Accepted by NLP4KGC workshop, WWW 2025.

Graphusion is a pipeline that extracts Knowledge Graph triples from text.

Architecture

Setup

Create a new conda environment and install the required packages:

conda create -n graphusion python=3.10
conda activate graphusion
pip install -r requirements.txt

Credentials

Sensitive data like API and database keys shall be stored in a private_config.json file in the root directory. The file should have the following structure:

{
  "OPENAI_API_KEY": "[key]",
  "GOOGLE_API_KEY": "[key]",
  "NEO4J": {
    "URI": "[uri]",
    "USER": "[user]",
    "PASSWORD":"[password]"
  }
}

Usage

The pipeline processes text files from the data/[dataset_name]/raw directory (e.g., data/test/raw) as input. Furthermore, the pipeline requires relation definitions as a JSON file. This file defines the relations and provides a description of the relation (e.g., data/test/relation_types.json). In addition, some information can be provided to improve the results (--gold_concept_file, --refined_concepts_file, --annotated_graph_file) or to skip pipeline steps (--input_json_file, --input_triple_file). See parameters below.

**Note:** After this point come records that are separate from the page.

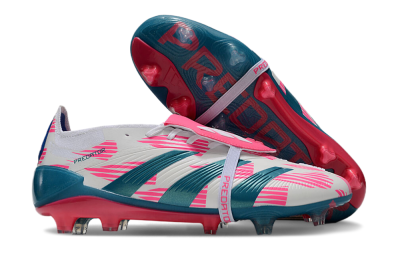 Adidas Predator Elite Foldover Tongue FG Firm Ground Soccer Cleats - White/Blue/Pink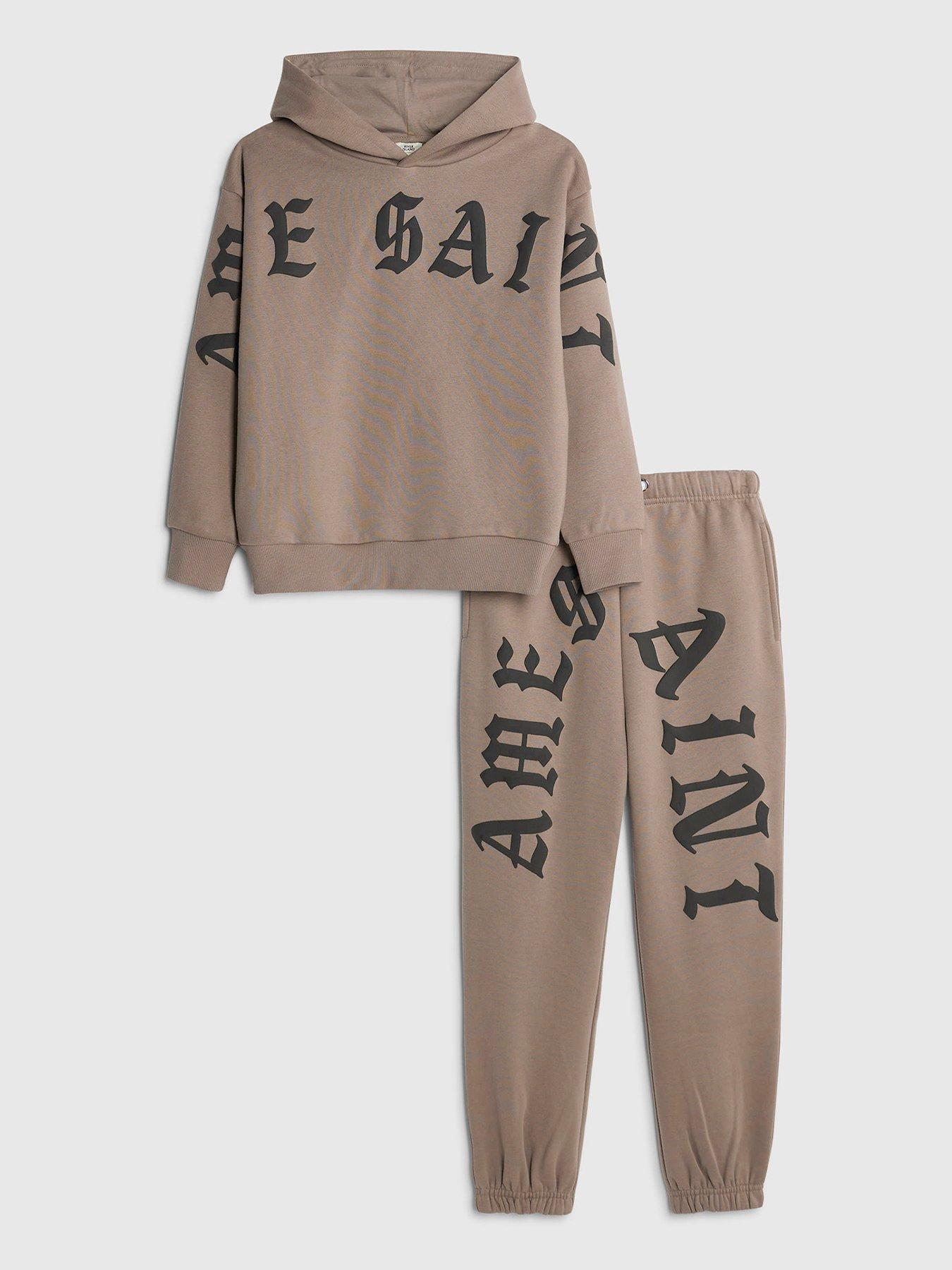 River Island Older Boys Ame Saint Hoodie Set - Brown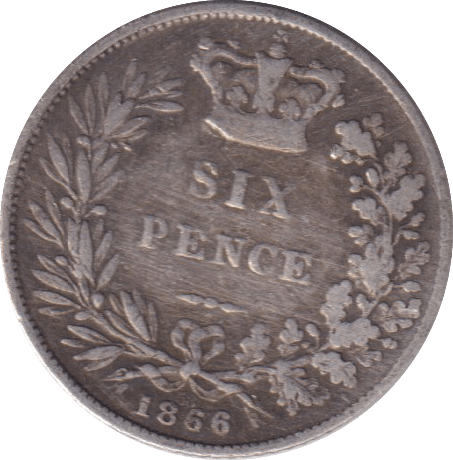 1860 SIXPENCE (GF) DIE 58 - SIXPENCE - Cambridgeshire Coins
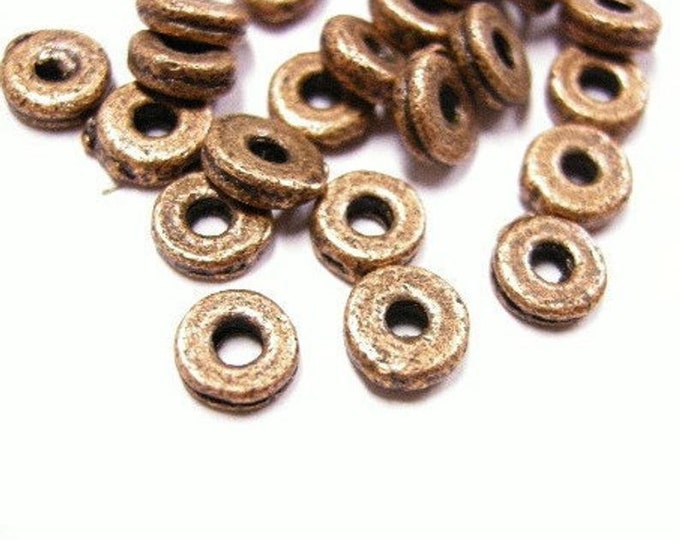 30pc 6.5x2mm antique copper finish metal flat bead-4487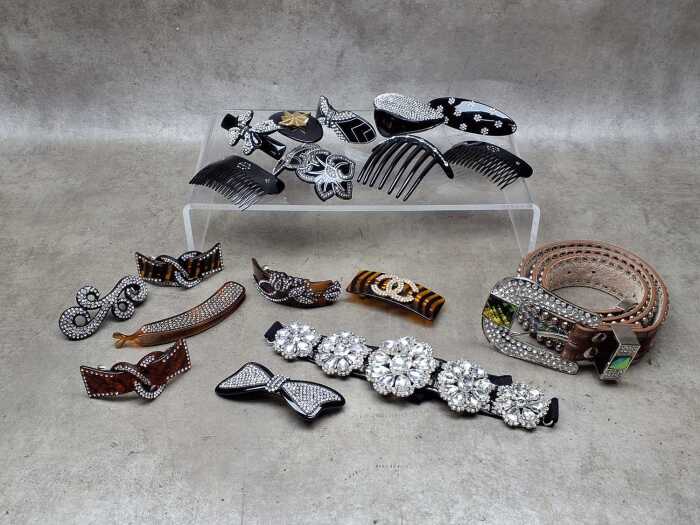 Designer style belts and hair accessories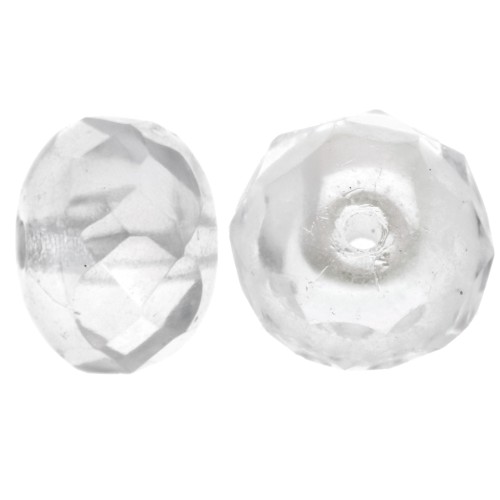 Fire Polished Donut-shaped beads 7x4mm Crystal x25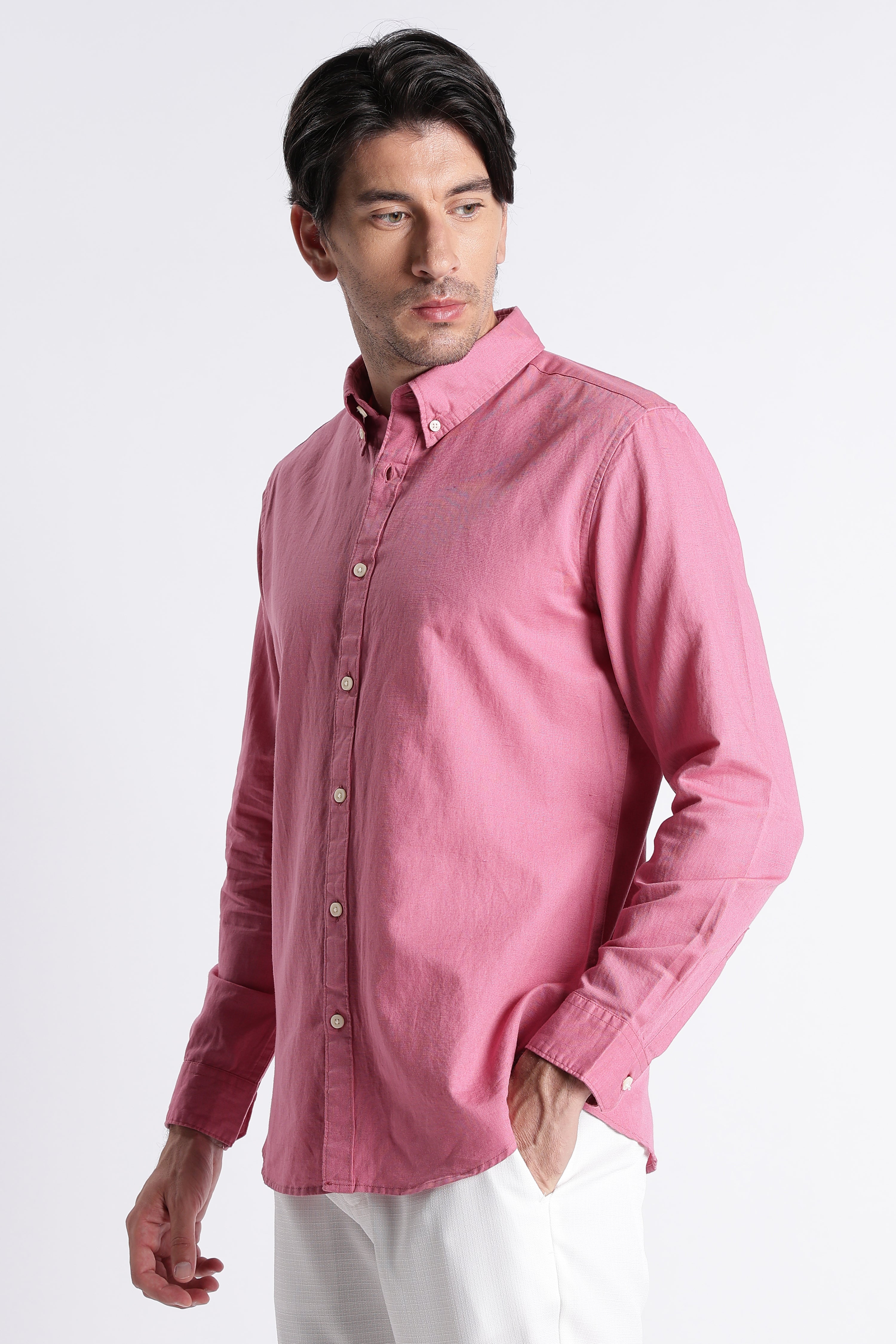Men Premium Cotton Linen Slim Fit Solid Shirt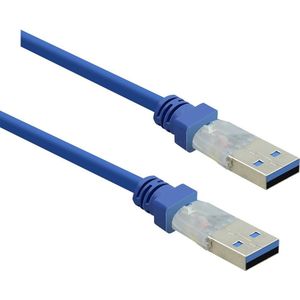 Renkforce USB 3.2 Gen 1 (USB 3.0) 1.80 m Blauw Vergulde steekcontacten [1x USB 3.2 Gen 1 stekker A (USB 3.0) - 1x USB 3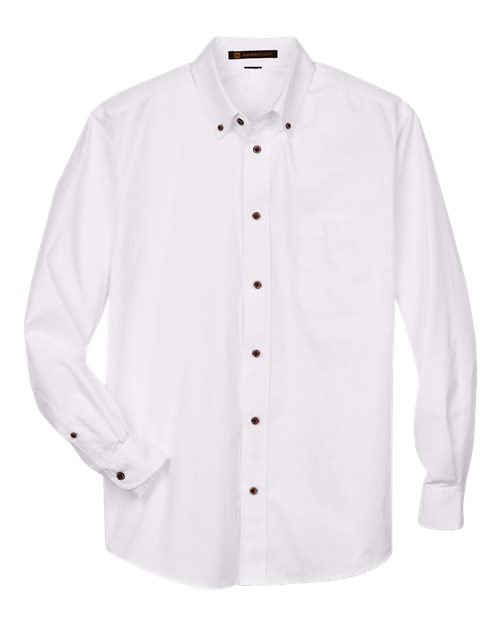 Harriton Men's Tall Easy Blend Twill Dress Shirt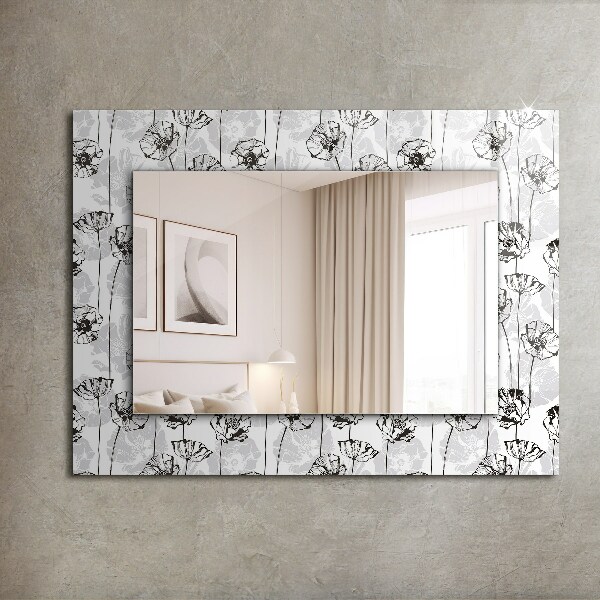 Espelho com moldura decorada com desenho monocromático de flores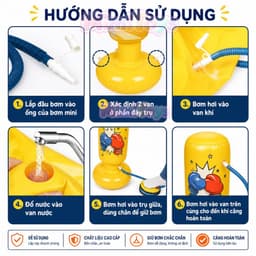 Bao Đấm Hơi Boxing MimiToys Cao 1m2 Màu Vàng - Đồ Chơi Vận Động Kèm Bơm Cho Bé 2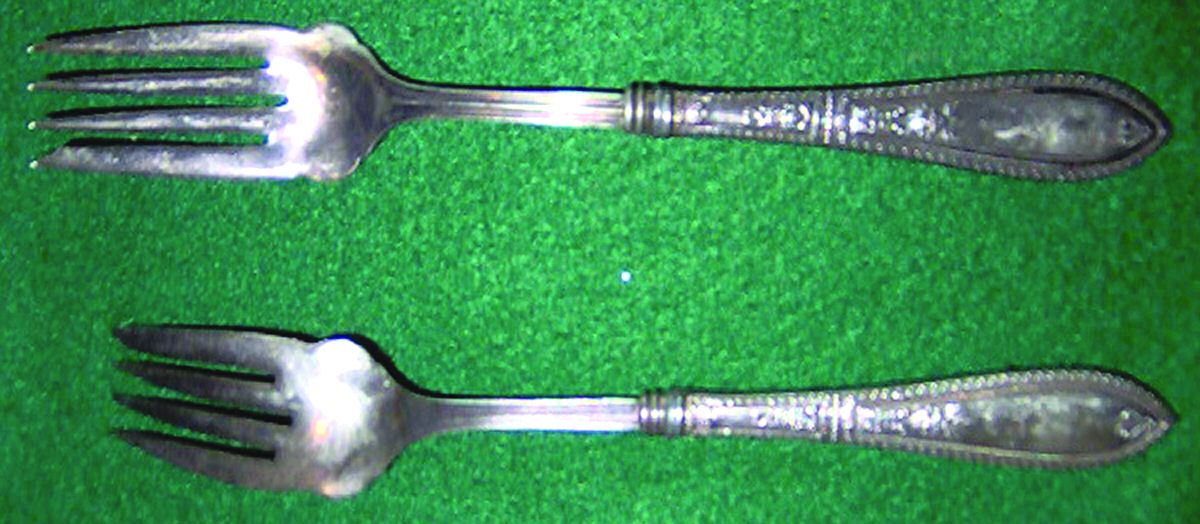 WSC19 (Sterling) Small Cold Meat Serving Fork, Plated Tines by Webster Co-1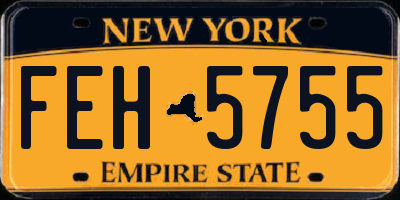 NY license plate FEH5755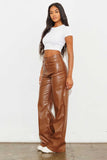 Vibrant M.i.U Vegan Leather Wide Leg Pants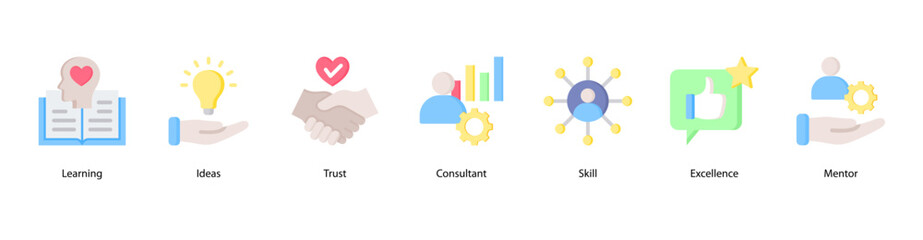 Learning Path web banner icon vector illustration featuring Learning, Ideas, Trust, Consultant, Skill, Excellence, and Mentor.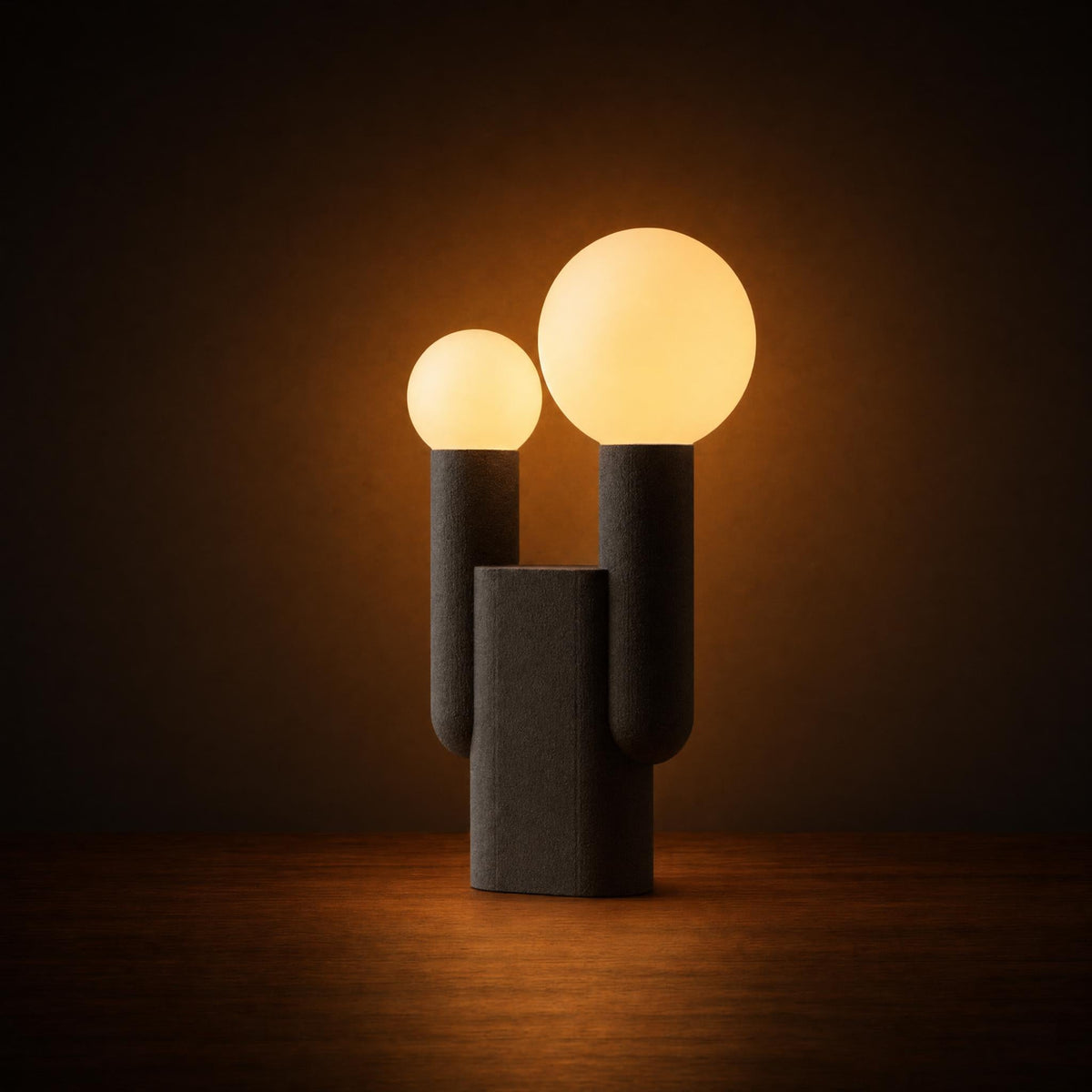Twin Opal Globe Ceramic Table Lamp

The ACL data is originally in a csv format. Therefore, we provide the notebook preprocess.ipynb to convert the data into the required text files.

The pipeline can be run using the following command:

usage: main.py [-h] [--run_name RUN_NAME] --dataset DATASET --relation_definitions_file RELATION_DEFINITIONS_FILE [--input_json_file INPUT_JSON_FILE]
               [--input_triple_file INPUT_TRIPLE_FILE] [--model MODEL] [--max_resp_tok MAX_RESP_TOK] [--max_input_char MAX_INPUT_CHAR]
               [--prompt_tpextraction PROMPT_TPEXTRACTION] [--prompt_fusion PROMPT_FUSION] [--gold_concept_file GOLD_CONCEPT_FILE]
               [--refined_concepts_file REFINED_CONCEPTS_FILE] [--annotated_graph_file ANNOTATED_GRAPH_FILE] [--language LANGUAGE] [--verbose]

options:
  -h, --help            show this help message and exit
  --run_name RUN_NAME   Assign a name to this run. The name will be used to, e.g., determine the output directory. We recommend to use unique and descriptive names to
                        distinguish the results of different models.
  --dataset DATASET     Name of the dataset. Is used to, e.g., determine the input directory.
  --relation_definitions_file RELATION_DEFINITIONS_FILE
                        Path to the relation definitions file. The file should be a JSON file, where the keys are the relation types and the values are dictionaries with the
                        following keys: 'label', 'description'.
  --input_json_file INPUT_JSON_FILE
                        Path to the input file. Step 1 will be skipped if this argument is provided. The input file should be a JSON file with the following structure:
                        {'concept1': [{'abstract': ['abstract1', ...], 'label: 0},...} E.g. data/test/concept_abstracts.json is the associated file createddurin step 1 in the
                        test run.
  --input_triple_file INPUT_TRIPLE_FILE
                        Path to the input file storing the triples in the format as outputted by the candidate triple extraction model. Step 1 and step 2 will be skipped if
                        this argument is provided.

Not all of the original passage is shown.